Data extract:
------------------------

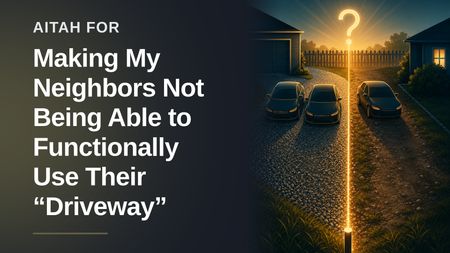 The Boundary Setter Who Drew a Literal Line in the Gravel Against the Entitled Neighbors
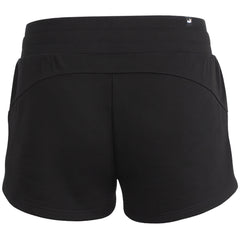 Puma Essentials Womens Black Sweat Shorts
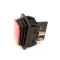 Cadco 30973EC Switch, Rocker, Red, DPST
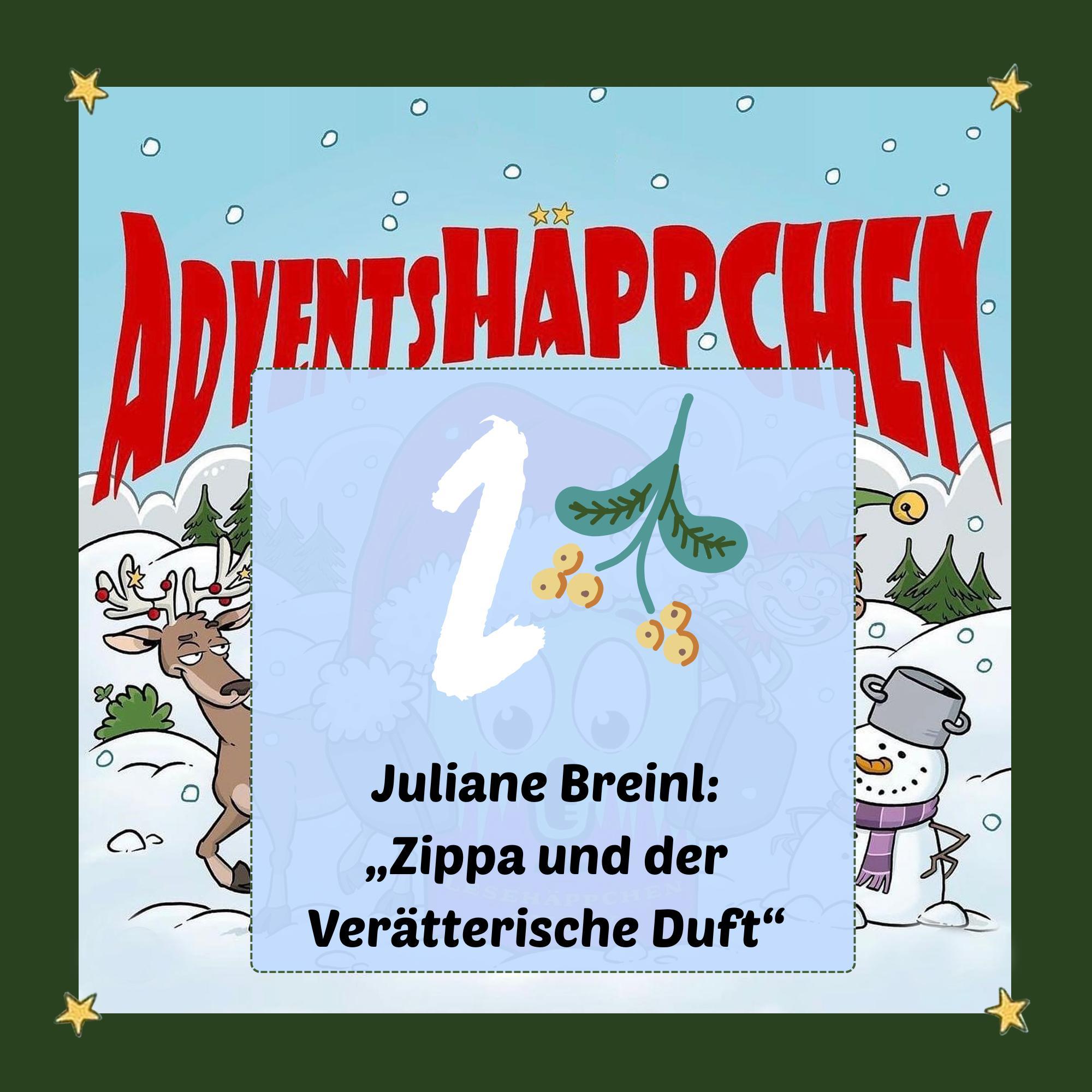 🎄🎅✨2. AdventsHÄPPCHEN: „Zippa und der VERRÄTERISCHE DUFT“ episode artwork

------------------------

Work instruction:
Write out again, word for word, only the lines from the one with "Cadco 30973EC Switch, Rocker, Red, DPST" through the last line of the material, and omit each picture.

Final answer:
 Cadco 30973EC Switch, Rocker, Red, DPST
 🎄🎅✨2. AdventsHÄPPCHEN: „Zippa und der VERRÄTERISCHE DUFT“ episode artwork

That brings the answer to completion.